::: GIVEN INFORMATION :::

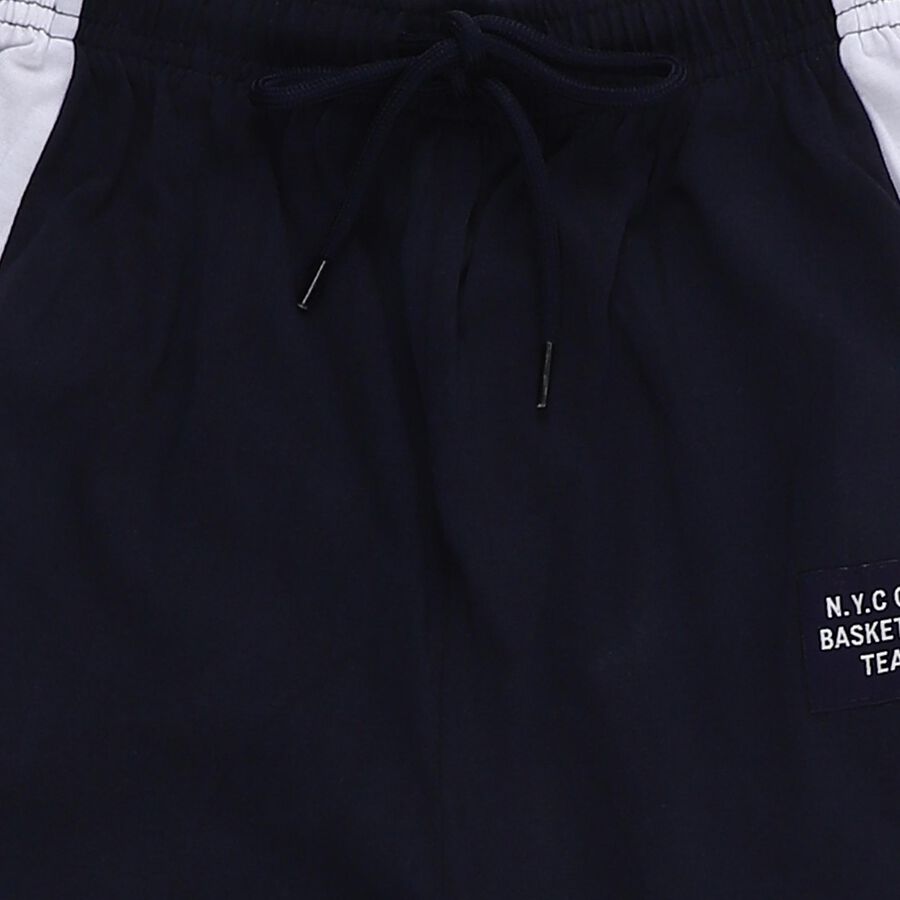 Boys' Navy Blue Color-Blocked Cotton Blend Pyjama, Navy Blue, large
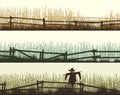 Horizontal banners silhouettes of corn field and grass in front of it with a wooden fence.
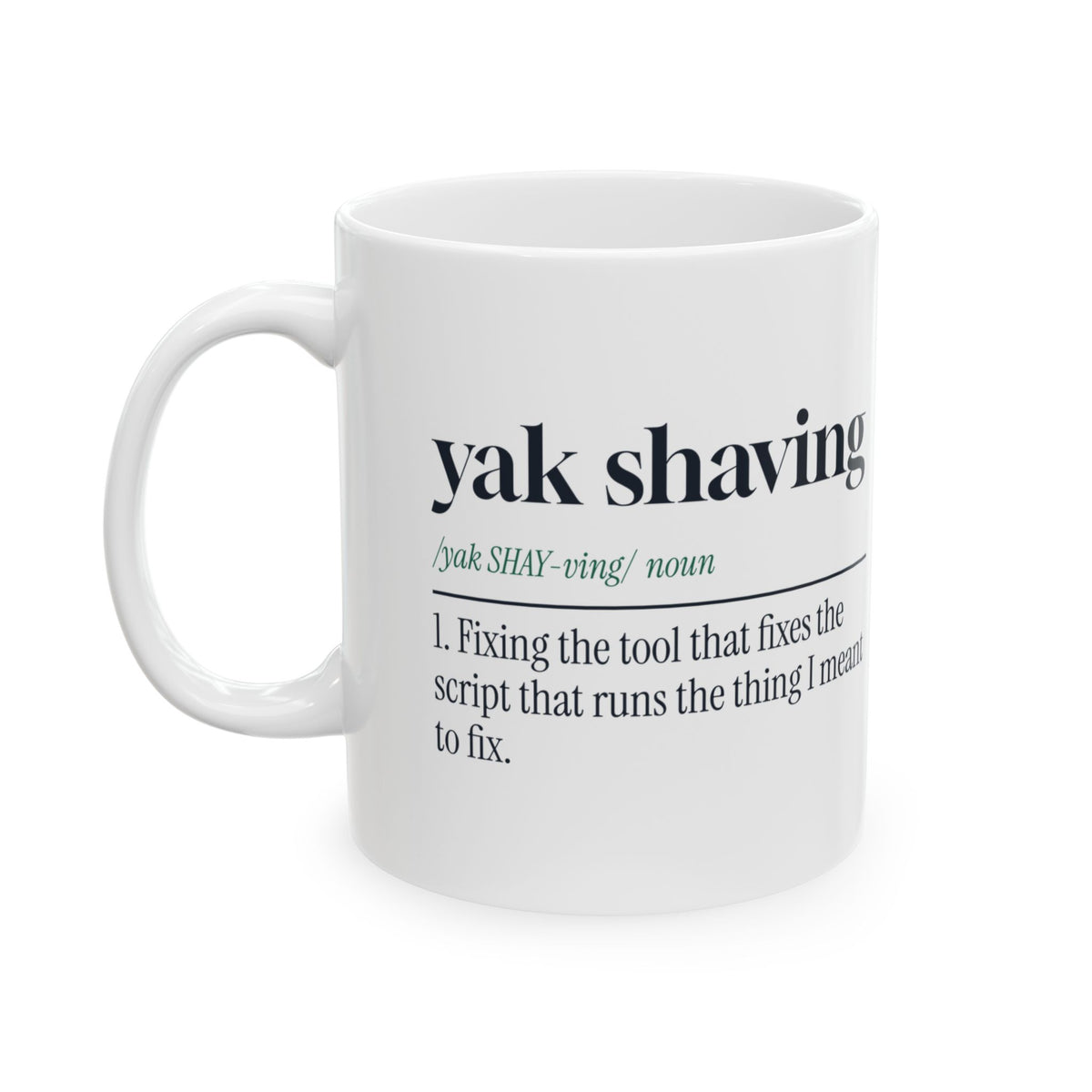 Funny Software Developer Coffee Mug Yak Shaving Definition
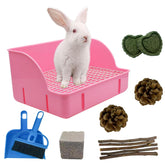MUYG rabbit litter box blue in cage keeps corners tidy.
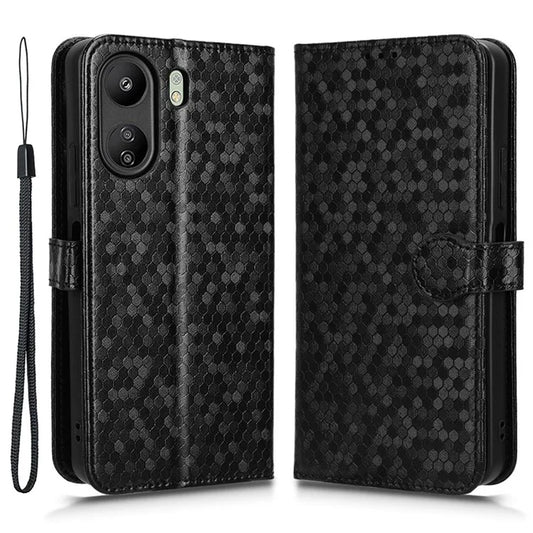 For Xiaomi Redmi 13C 4G / Poco C65 4G Phone Case Leather Viewing Stand Cover with Imprinted Dots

:::

Would you copy each line above exactly as given, dropping any images?

## RESPONSE FOR THIS EXERCISE
 Boys' Navy Blue Color-Blocked Cotton Blend Pyjama, Navy Blue, large
 Horizontal banners silhouettes of corn field and grass in front of it with a wooden fence.
 Funny Software Developer Coffee Mug Yak Shaving Definition
MUYG rabbit litter box blue in cage keeps corners tidy.
 For Xiaomi Redmi 13C 4G / Poco C65 4G Phone Case Leather Viewing Stand Cover with Imprinted Dots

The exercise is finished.